Asked 12/6, 2011 at 5:10 Answered 29/7, 2018 at 23:50

How do I align a pointer to a 16 byte boundary?

I found this code, not sure if its correct

char* p= malloc(1024);

if ((((unsigned long) p) % 16) != 0) 
{
     unsigned char *chpoint = (unsigned char *)p;        
     chpoint += 16 - (((unsigned long) p) % 16);
     p = (char *)chpoint;
}

Would this work?

thanks

Eleonoraeleonore answered 12/6, 2011 at 5:10 Comment(6)

What toolchain and platform? Alignment is a property of the implementation. Also, why do you want to do this? Do you really mean C++? Because your code is valid C but not valid C++. – Augur 12/6, 2011 at 5:12

https://mcmap.net/q/162887/-how-to-align-a-pointer-in-c may be of interest (since you appear to be writing C anyway). – Augur 12/6, 2011 at 5:14

Do not use that code. If you try to free p it's going to cause you all kinds of problems. Furthermore, you no longer have a guarantee about how much memory you actually have (somewhere between 1009 and 1024) – Rinderpest 12/6, 2011 at 5:15

I had a piece of code that allowed you to do something like this (provided that you used a custom free function), but which did not require outside memory -- it simply allocated a bit more than you requested, and freed that at the end. I'll post it here soon, if I find it. – Perinephrium 12/6, 2011 at 6:2

I re-wrote it and posted it; try using it and see if it's helpful. – Perinephrium 12/6, 2011 at 6:17

if you have access to MSVC (express or not), it comes with the source for the crt, in particular, _aligned_malloc, which has a whole long explanation on how to align a pointer to an arbitrary value and retain the original pointer (needless to say it has the code too :P). – Exiguous 12/6, 2011 at 7:3

C++0x proposes std::align, which does just that.

// get some memory
T* const p = ...;
std::size_t const size = ...;

void* start = p;
std::size_t space = size;
void* aligned = std::align(16, 1024, p, space);
if(aligned == nullptr) {
    // failed to align
} else {
    // here, p is aligned to 16 and points to at least 1024 bytes of memory
    // also p == aligned
    // size - space is the amount of bytes used for alignment
}

which seems very low-level. I think

// also available in Boost flavour
using storage = std::aligned_storage_t<1024, 16>;
auto p = new storage;

also works. You can easily run afoul of aliasing rules though if you're not careful. If you had a precise scenario in mind (fit N objects of type T at a 16 byte boundary?) I think I could recommend something nicer.

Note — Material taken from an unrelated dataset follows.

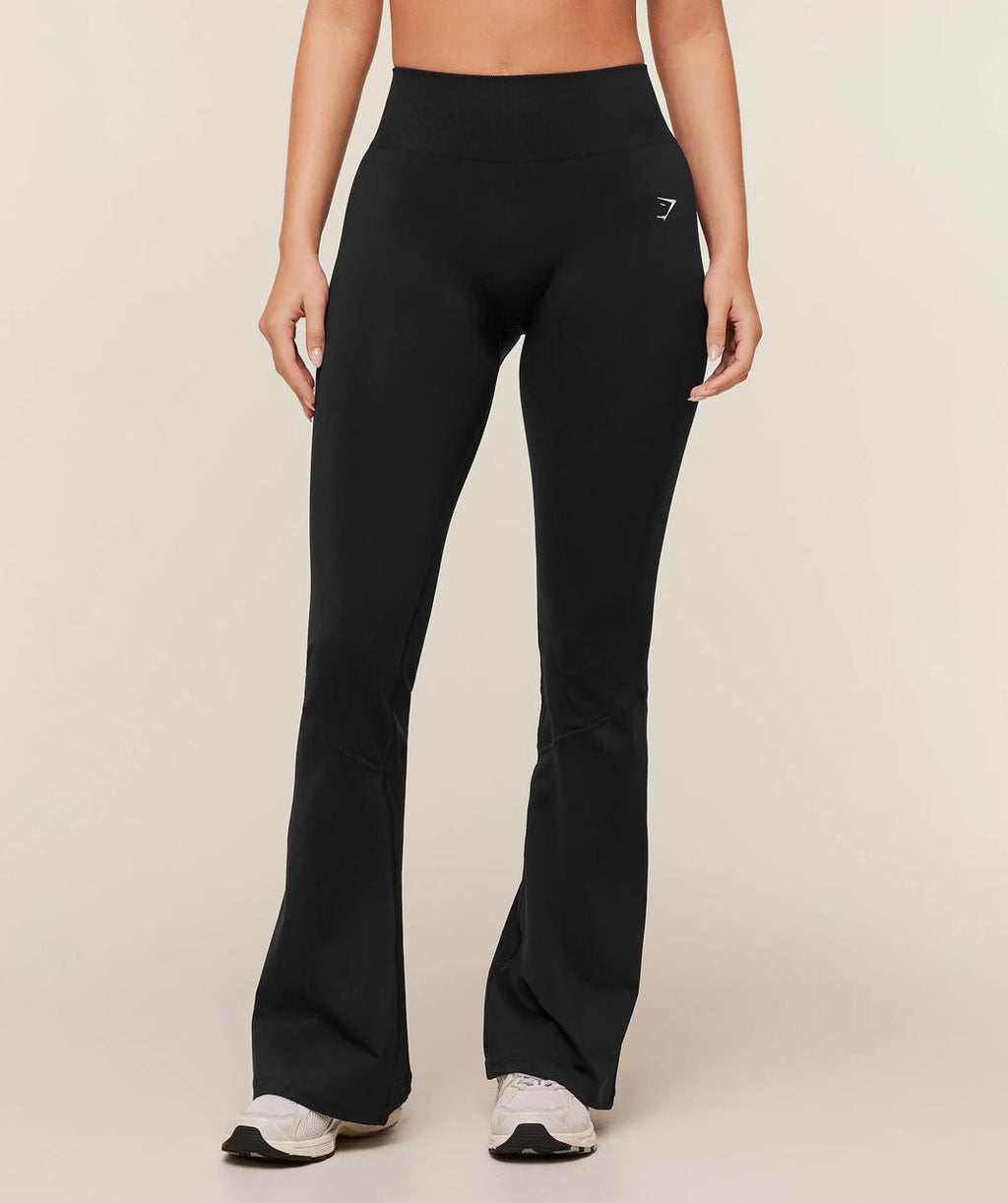Everyday Seamless Flared Legging . GS Black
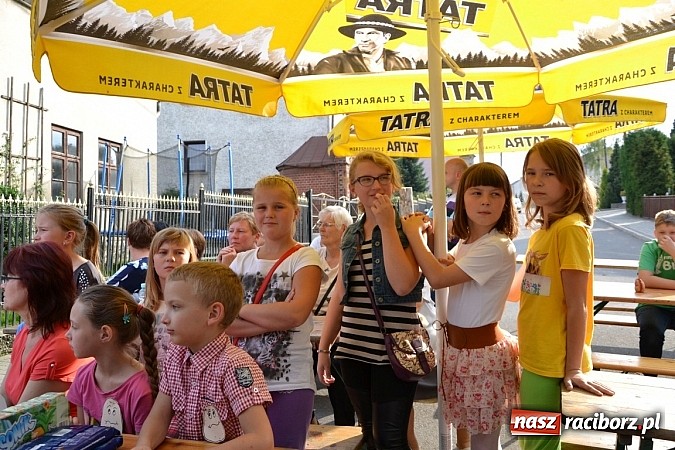 Zdjęcie w galerii na portalu naszraciborz.pl: Czy słońce czy deszcz w Bolesławiu jest Kartoffelfest wiadomości z regionu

Agitato answered 12/6, 2011 at 5:24 Comment(2)

This is an old answer, nevertheless there are two points: 1. typedef std::aligned_storage<1024, 16> storage; is wrong. storage should be typedefed to either aligned_storage_t<1024,16> or aligned_storage<1024,16>::type if this approach is to be used. 2. There is no guarantee for that to work with overaligned types. It may be the case that alignof(aligned_storage_t<1024,N>) < N if N > alignof(std::max_align_t). – Zeldazelde 22/5, 2016 at 14:56

@Zeldazelde Thanks, fixed. As for over-aligned types, that’s less to do with std::aligned_storage_t itself and more with their implementation-defined nature. What to do exactly is best left to the programmer. – Agitato 22/5, 2016 at 19:40

Try this:

It returns aligned memory and frees the memory, with virtually no extra memory management overhead.

#include <malloc.h>
#include <assert.h>

size_t roundUp(size_t a, size_t b) { return (1 + (a - 1) / b) * b; }

// we assume here that size_t and void* can be converted to each other
void *malloc_aligned(size_t size, size_t align = sizeof(void*))
{
    assert(align % sizeof(size_t) == 0);
    assert(sizeof(void*) == sizeof(size_t)); // not sure if needed, but whatever

    void *p = malloc(size + 2 * align);  // allocate with enough room to store the size
    if (p != NULL)
    {
        size_t base = (size_t)p;
        p = (char*)roundUp(base, align) + align;  // align & make room for storing the size
        ((size_t*)p)[-1] = (size_t)p - base;      // store the size before the block
    }
    return p;
}

void free_aligned(void *p) { free(p != NULL ? (char*)p - ((size_t*)p)[-1] : p); }

Warning:

I'm pretty sure I'm stepping on parts of the C standard here, but who cares. :P

Perinephrium answered 12/6, 2011 at 6:17 Comment(8)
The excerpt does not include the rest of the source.